If the current trend continues for a longer period of time, not only oil mills but oilseeds growers will also not be able to get good rates of their produce, says Samir Shah, president of Gujarat State Edible Oils and Oil Seeds Association (GEOA). Shah who is also past president of SOMA says that due to various international factors rates of edible oils had gone up considerably, especially imported oils earlier this year.

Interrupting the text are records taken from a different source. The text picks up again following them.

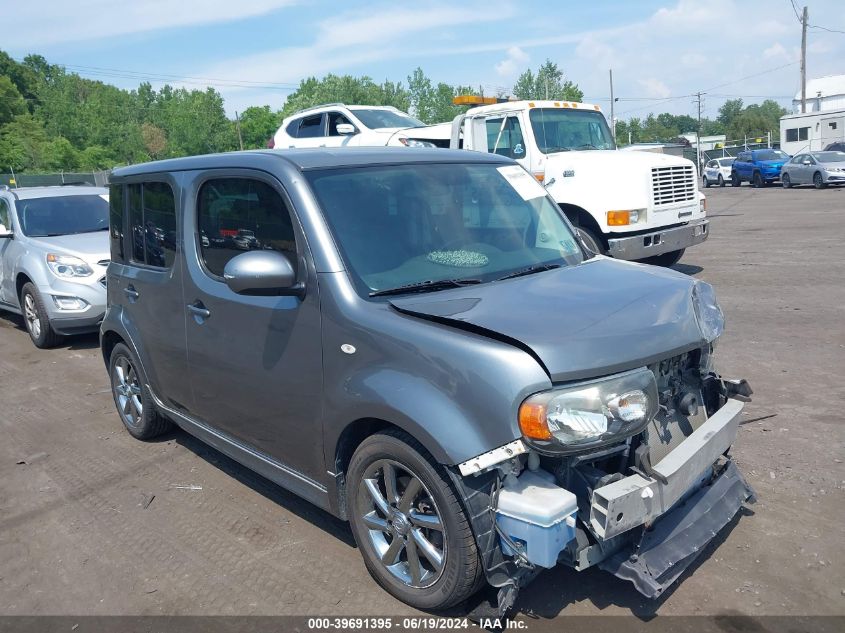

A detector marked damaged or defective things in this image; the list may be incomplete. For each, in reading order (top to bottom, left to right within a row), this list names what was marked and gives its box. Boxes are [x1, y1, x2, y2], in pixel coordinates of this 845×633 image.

crushed front bumper [608, 217, 704, 256]
broken headlight [692, 280, 724, 344]
damaged gray nissan cube [102, 147, 756, 612]
broken headlight [516, 368, 660, 452] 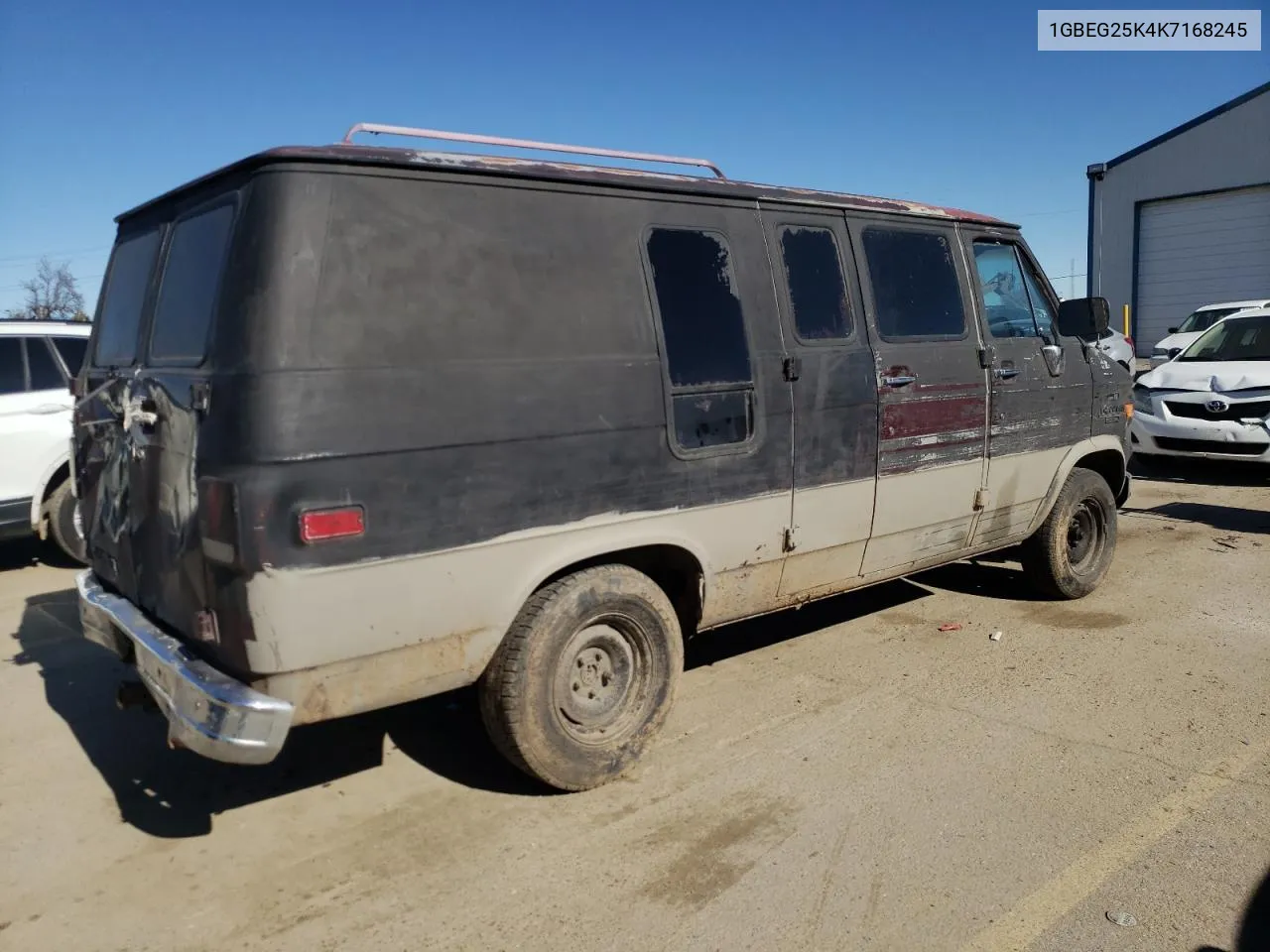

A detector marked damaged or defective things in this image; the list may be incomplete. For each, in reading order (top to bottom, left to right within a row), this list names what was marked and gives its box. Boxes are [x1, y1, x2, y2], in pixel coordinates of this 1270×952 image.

“With a view to curb rising prices of edible oil, the Government of India reduced import duty on edible oils. Considering the fact that India is producing hardly 30 percent of its edible oil requirement, the decision was right at that point of time. Now when international prices of edible oils have gone down by 15 percent to 25 percent and high production period has started in edible oil exporting countries, the government should gradually increase import duty to protect local oil mills and oilseeds growers,” said Shah. GEOA has also made representation before Union Minister for Commerce & Consumer Affairs, Piyush Goyal to increase import duty.
In June import duty on edible oils was ranging from 35 to 55 percent, since then the government gradually reduced import duty and at present it is ranging from zero percent to 15 percent on different edible oils, he said.
Just a month back prices of edible oils were through the roof and the government took appropriate measures by reducing import duty in order to protect consumers, says Atul Chaturvedi, president of Solvent Extractors Association of India (SEA). “Prices of edible oils are coming down globally. Kharif sowing has already started across the country. In the interest of local farmers, it is high time to enhance import duty in a phased manner to encourage local edible oil value chain,” opined Chaturvedi.
On Thursday imported Palm oil prices were at around Rs 2100 per 15 kg as against local Rs 2700 and Rs 2550 of groundnut and cottonseed oils. Prices of other local oils including ricebran, coconut, soyabean and mustard remained as high as Rs 2350, Rs 2520, Rs 2500 and Rs 2580 respectively.
India imports around 13-13.5 million tonnes of edible oils, of which around 8-8.5 million tonnes (around 63 per cent) are palm oil. Though the price of other imported Sunflower oil remained at around Rs 2700 per 15 kg, but import quantity of the oil is much lower than that of palm oil.